## Task
Transcribe exactly everything in the data below from the line containing "김건희 여사가 27일" down to the line containing "Alytaus politikai įsteigė", both lines included and nothing further.

## Given records
====================

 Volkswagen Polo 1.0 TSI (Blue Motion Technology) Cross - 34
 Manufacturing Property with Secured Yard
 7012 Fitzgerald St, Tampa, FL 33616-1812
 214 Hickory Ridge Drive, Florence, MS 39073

====================

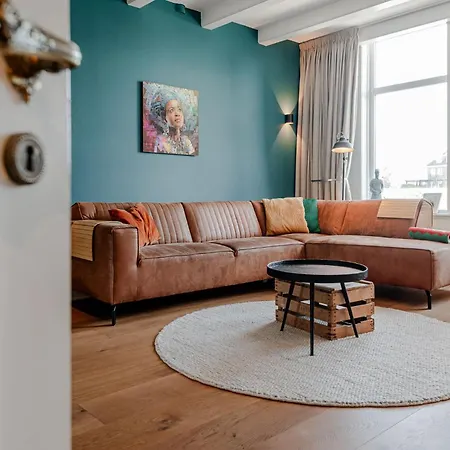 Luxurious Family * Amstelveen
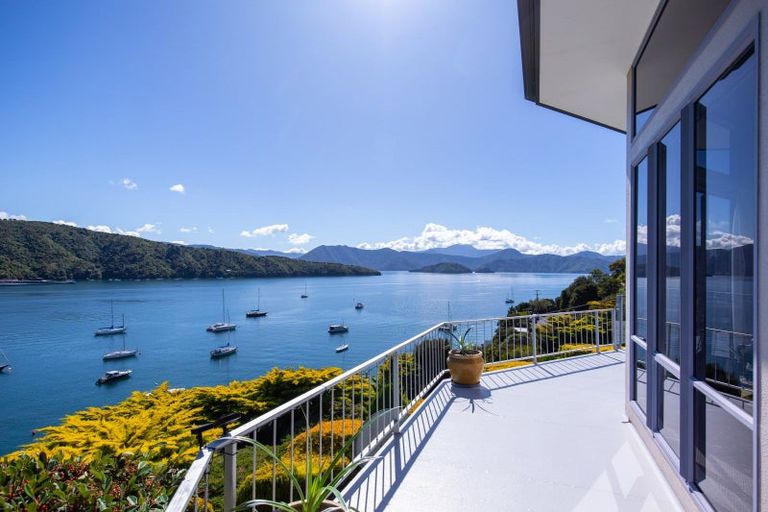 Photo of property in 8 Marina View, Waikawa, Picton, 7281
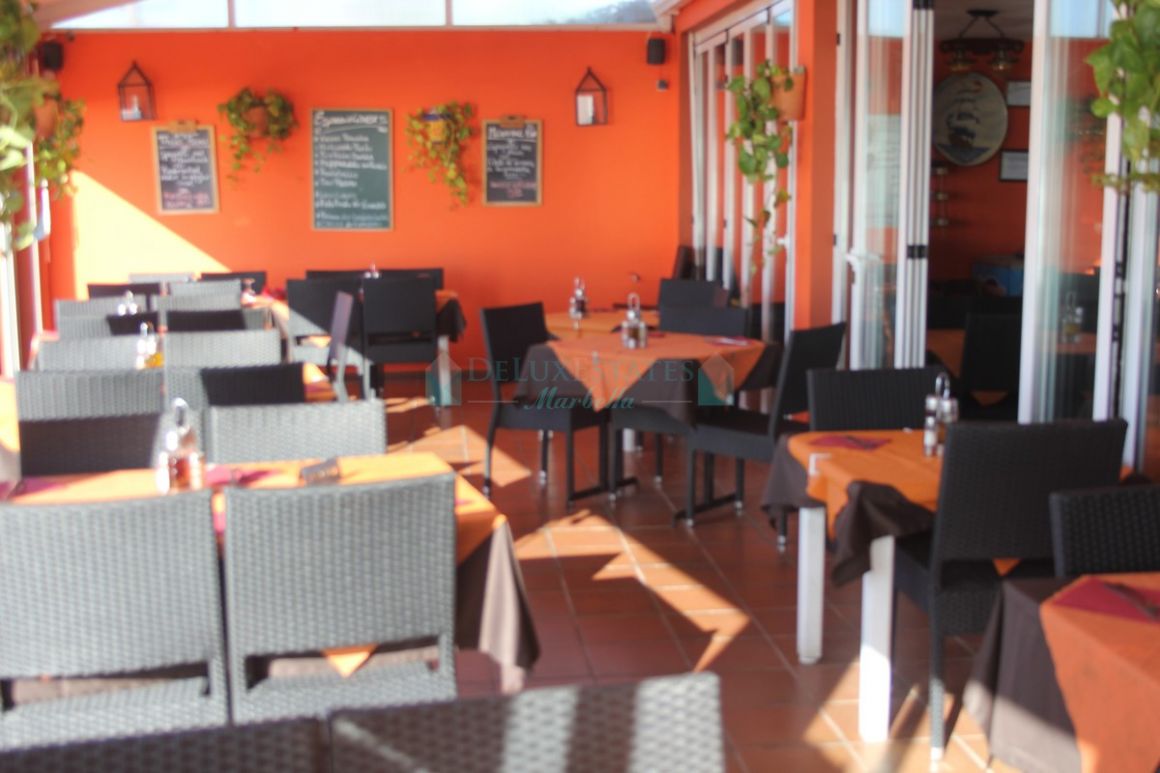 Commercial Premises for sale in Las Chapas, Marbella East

====================

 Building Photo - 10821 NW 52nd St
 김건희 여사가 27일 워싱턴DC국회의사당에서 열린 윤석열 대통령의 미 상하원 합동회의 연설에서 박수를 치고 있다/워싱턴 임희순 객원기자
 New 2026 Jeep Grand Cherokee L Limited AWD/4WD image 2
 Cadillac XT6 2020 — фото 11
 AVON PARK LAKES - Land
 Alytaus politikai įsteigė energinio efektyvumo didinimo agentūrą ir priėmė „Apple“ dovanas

====================

## Solution
 김건희 여사가 27일 워싱턴DC국회의사당에서 열린 윤석열 대통령의 미 상하원 합동회의 연설에서 박수를 치고 있다/워싱턴 임희순 객원기자
 New 2026 Jeep Grand Cherokee L Limited AWD/4WD image 2
 Cadillac XT6 2020 — фото 11
 AVON PARK LAKES - Land
 Alytaus politikai įsteigė energinio efektyvumo didinimo agentūrą ir priėmė „Apple“ dovanas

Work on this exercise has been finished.